### ASSIGNED TASK
Find the line holding "this 600×400 image." in the entries below. Give it again exactly, along with every line after it up to and including the line holding "this 1024×768 image.".

### SOURCE DATA
★ ★ ★ ★ ★ ★ ★

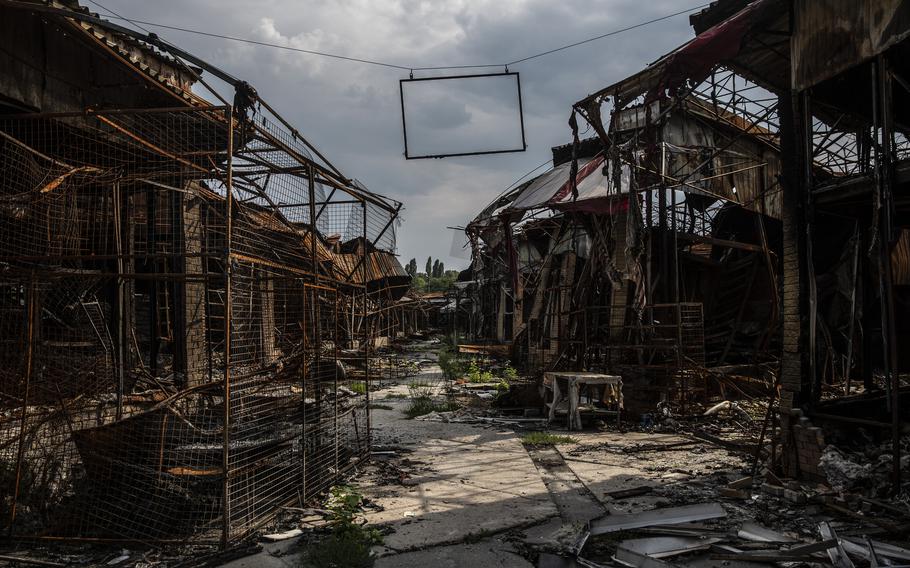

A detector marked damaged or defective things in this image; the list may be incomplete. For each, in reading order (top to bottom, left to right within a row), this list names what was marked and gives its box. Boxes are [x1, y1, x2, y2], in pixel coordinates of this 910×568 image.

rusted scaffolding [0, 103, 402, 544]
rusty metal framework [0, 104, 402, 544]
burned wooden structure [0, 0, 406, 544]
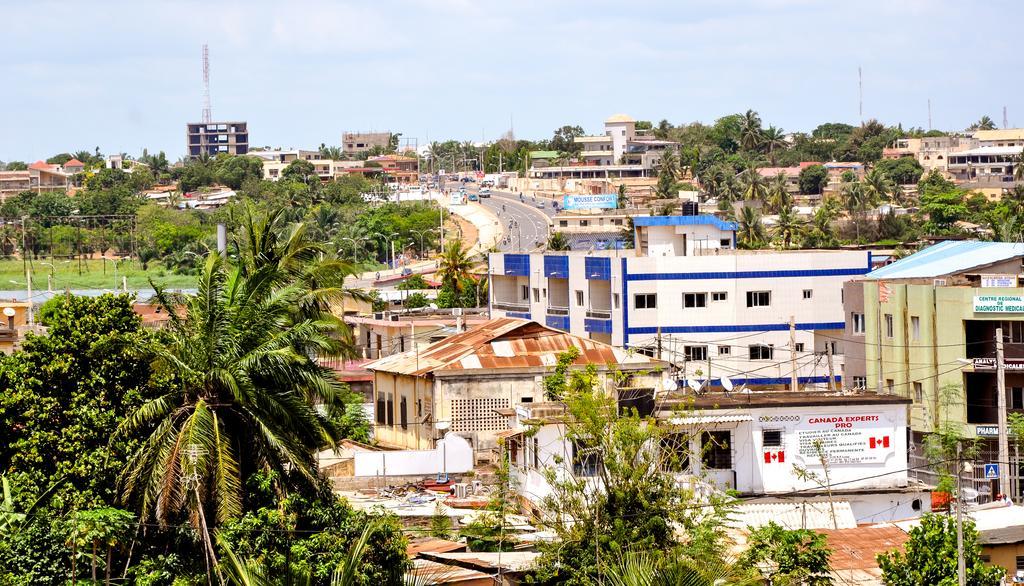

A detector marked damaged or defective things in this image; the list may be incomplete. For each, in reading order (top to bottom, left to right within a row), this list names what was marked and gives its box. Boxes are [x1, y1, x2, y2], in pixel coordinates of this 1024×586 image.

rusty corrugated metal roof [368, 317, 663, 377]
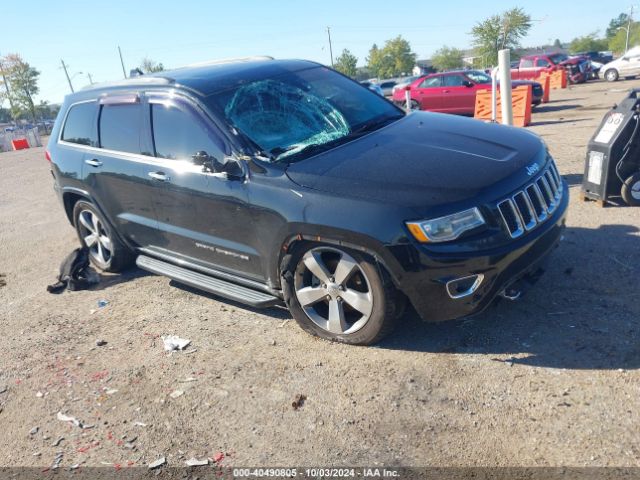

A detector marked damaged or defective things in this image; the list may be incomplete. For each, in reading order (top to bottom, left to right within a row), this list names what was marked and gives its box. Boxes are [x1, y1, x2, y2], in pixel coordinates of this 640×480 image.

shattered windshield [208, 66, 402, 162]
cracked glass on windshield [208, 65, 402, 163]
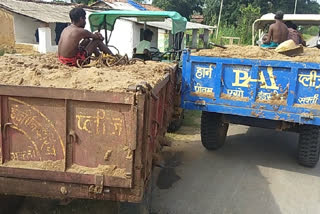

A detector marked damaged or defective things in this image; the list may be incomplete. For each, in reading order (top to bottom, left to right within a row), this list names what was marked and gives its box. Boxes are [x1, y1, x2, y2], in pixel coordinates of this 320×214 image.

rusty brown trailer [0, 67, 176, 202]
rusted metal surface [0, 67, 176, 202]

★ ★ ★ ★ ★ ★ ★

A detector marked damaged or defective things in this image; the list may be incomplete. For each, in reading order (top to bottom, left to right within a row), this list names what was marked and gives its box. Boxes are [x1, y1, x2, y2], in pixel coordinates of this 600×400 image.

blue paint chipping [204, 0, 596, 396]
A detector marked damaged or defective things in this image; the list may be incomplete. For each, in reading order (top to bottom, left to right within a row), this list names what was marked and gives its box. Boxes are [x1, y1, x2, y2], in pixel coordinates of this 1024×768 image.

★ ★ ★ ★ ★ ★ ★

### RESPONSE
A detector marked damaged or defective things in this image; the list may be incomplete. For each, in reading order (top to bottom, left to right within a row), this list names what was marked and gives its box. Boxes are [x1, y1, x2, y2], in pixel coordinates of this 600×400 image.

blue paint chipping [204, 0, 596, 396]
A detector marked damaged or defective things in this image; the list may be incomplete. For each, in reading order (top to bottom, left to right within a row), this list names what was marked and gives its box. Boxes are [x1, y1, x2, y2], in pixel coordinates of this 1024×768 image.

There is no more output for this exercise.